Task directions - Once the records below have been read, copy them all out exactly.

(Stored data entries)
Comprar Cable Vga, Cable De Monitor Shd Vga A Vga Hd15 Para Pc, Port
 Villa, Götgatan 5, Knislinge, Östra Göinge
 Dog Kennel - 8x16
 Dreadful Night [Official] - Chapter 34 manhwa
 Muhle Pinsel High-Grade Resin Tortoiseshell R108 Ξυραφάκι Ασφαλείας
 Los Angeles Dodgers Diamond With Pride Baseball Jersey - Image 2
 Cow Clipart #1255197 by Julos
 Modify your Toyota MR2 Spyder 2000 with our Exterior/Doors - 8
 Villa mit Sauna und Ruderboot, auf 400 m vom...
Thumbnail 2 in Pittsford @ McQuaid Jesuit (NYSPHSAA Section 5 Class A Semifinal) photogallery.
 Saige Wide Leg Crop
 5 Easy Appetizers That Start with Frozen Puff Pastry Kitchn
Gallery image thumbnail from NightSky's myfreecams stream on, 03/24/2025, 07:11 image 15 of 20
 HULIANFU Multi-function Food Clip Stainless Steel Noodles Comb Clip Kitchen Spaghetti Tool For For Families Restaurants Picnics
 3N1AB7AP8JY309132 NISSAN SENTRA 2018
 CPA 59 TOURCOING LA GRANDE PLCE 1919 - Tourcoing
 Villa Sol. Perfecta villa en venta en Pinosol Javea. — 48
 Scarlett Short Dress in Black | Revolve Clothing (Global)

Expected output -
Comprar Cable Vga, Cable De Monitor Shd Vga A Vga Hd15 Para Pc, Port
 Villa, Götgatan 5, Knislinge, Östra Göinge
 Dog Kennel - 8x16
 Dreadful Night [Official] - Chapter 34 manhwa
 Muhle Pinsel High-Grade Resin Tortoiseshell R108 Ξυραφάκι Ασφαλείας
 Los Angeles Dodgers Diamond With Pride Baseball Jersey - Image 2
 Cow Clipart #1255197 by Julos
 Modify your Toyota MR2 Spyder 2000 with our Exterior/Doors - 8
 Villa mit Sauna und Ruderboot, auf 400 m vom...
Thumbnail 2 in Pittsford @ McQuaid Jesuit (NYSPHSAA Section 5 Class A Semifinal) photogallery.
 Saige Wide Leg Crop
 5 Easy Appetizers That Start with Frozen Puff Pastry Kitchn
Gallery image thumbnail from NightSky's myfreecams stream on, 03/24/2025, 07:11 image 15 of 20
 HULIANFU Multi-function Food Clip Stainless Steel Noodles Comb Clip Kitchen Spaghetti Tool For For Families Restaurants Picnics
 3N1AB7AP8JY309132 NISSAN SENTRA 2018
 CPA 59 TOURCOING LA GRANDE PLCE 1919 - Tourcoing
 Villa Sol. Perfecta villa en venta en Pinosol Javea. — 48
 Scarlett Short Dress in Black | Revolve Clothing (Global)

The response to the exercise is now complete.